Unleashing the true friendship power!


Being the child’s first friend is the best thing to do. First, as a friend, you will always have a first say in the child’s life. It will help the child to share a special connection with you. The wisdom of friendship will open up a foundation for a new way of parenting. While growing, children with more friends of their age onboard start to spend less time with parents. By knowing their close friends and connecting with their parents and family will tell you a lot about your child.

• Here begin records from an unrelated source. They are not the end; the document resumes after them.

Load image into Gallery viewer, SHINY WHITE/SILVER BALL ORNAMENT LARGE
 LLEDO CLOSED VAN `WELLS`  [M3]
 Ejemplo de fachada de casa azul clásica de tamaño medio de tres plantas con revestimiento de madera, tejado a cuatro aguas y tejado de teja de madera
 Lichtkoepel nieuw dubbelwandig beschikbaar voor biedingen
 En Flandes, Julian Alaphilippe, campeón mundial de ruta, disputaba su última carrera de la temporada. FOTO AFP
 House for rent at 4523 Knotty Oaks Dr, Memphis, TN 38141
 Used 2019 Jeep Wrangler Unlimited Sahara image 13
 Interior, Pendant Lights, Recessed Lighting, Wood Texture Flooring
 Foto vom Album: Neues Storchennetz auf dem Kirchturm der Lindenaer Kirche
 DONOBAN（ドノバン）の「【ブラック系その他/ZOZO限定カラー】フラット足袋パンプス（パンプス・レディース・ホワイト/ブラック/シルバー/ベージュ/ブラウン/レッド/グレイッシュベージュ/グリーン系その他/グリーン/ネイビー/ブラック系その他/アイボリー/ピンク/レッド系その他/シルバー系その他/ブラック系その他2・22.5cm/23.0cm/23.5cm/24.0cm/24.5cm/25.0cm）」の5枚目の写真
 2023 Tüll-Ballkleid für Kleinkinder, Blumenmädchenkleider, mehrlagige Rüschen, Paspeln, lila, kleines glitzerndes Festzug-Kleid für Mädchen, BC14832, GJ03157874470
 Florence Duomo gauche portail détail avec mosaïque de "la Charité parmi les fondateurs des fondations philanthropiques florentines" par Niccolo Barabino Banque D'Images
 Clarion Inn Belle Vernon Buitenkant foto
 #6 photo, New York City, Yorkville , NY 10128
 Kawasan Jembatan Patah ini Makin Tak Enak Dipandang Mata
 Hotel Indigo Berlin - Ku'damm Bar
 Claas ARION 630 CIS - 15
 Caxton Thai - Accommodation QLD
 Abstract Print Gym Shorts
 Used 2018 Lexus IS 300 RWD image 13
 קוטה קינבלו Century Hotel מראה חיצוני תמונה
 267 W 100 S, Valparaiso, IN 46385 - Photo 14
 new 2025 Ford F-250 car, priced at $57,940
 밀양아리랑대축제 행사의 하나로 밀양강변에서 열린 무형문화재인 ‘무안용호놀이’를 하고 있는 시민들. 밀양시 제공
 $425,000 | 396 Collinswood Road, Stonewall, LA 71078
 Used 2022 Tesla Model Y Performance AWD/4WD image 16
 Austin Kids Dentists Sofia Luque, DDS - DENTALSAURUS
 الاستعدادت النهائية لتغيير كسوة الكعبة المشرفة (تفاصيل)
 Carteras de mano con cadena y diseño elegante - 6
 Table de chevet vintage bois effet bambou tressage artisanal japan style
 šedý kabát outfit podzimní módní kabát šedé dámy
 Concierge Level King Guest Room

It is usually observed that sons are mama's boys. They share everything more often with their mother than with their father. Learning to put me in my children’s shoes and trying to understand their thoughts as well as encouraging them to share their experiences has not only helped me to be their faithful father but also for them to be my faithful friends.


Lead from the front


As things move fast, little things like “Special Bonding” are left behind. Technology affects the generation gap to a larger extent. Gone are the days when cell phones were used mainly for the dire need for communication. Gadgets definitely go along with your child’s personal time but a family space where a child can safely interact is becoming fewer and fewer. But should they be blamed alone? Not anymore! As a parent, it is our responsibility too to be gadget-free at least one time a day, most preferably the Dinner Time.


One meal a day


The simple act of talking to your children about each other’s day at the end of the day can close the generation gap to some extent. All great changes happen at the “Dinner Table”. At the same time, all the fondest memories happen when gathered around the dinner table. Keeping that time open for communication and building a bond is very productive. I am happy to find a good interaction time always with my children Azhar and Sahil, making them share an incredible positive connection with me. It also reassures them of parents being with them in even the hardest phase of their life.


The game changer - Sports


As parents, we constantly compare our growing years to how our children are seen spending their childhood. How I used to let my imagination run wild in my childhood and do things out of curiosity have evolved and changed now. Children are getting glued to their gadgets more and giving preference to online games over sports. As a sports aficionado, and father, helping my children develop a healthy sports-playing routine was always a plus. Keeping them busy in sports will divert their attention from using gadgets 24/7. I am happy to go out and play cricket twice a week with my sons Azhar and Sahil while developing a healthy rivalry in the game between father and son. This early-cultivated approach towards life will help them become ‘Accomplishers’ and ‘Explorers’ rather than just ‘Followers’.


Over the years I have seen parents missing out on family interaction. Giving our children space and the right space is very important. Let us take the parent pledge and make a big difference happen!